# [EXERCISE DIRECTIONS]
Begin with the line below holding "女游客坐在石铭文上拍照。" and go on through the line holding "Man standing on", duplicating each line exactly and leaving out pictures.

━━━━━ PROVIDED RECORDS ━━━━━

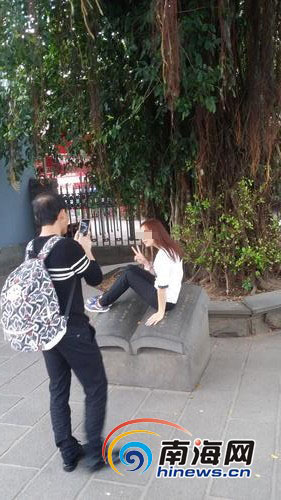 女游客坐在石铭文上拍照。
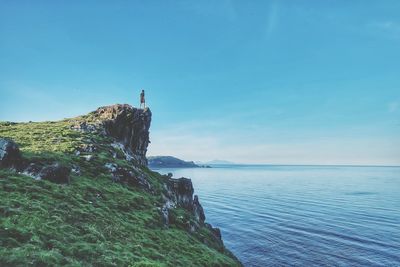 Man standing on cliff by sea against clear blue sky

━━━━━
━━━━━ PROVIDED RECORDS ━━━━━

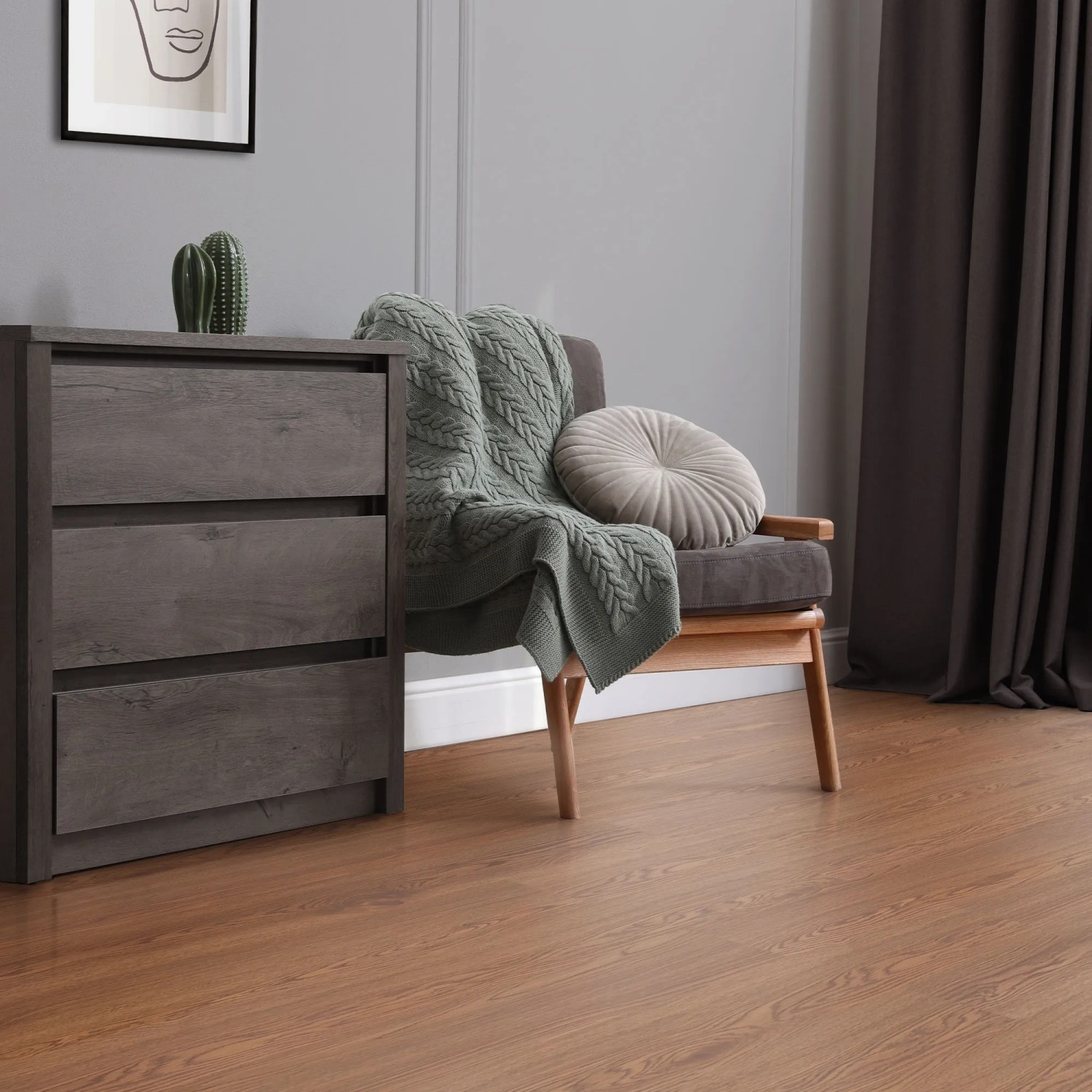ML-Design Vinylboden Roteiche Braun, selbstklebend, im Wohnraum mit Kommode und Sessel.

━━━━━

# [RESPONSE TO THIS EXERCISE]
 女游客坐在石铭文上拍照。
 Man standing on cliff by sea against clear blue sky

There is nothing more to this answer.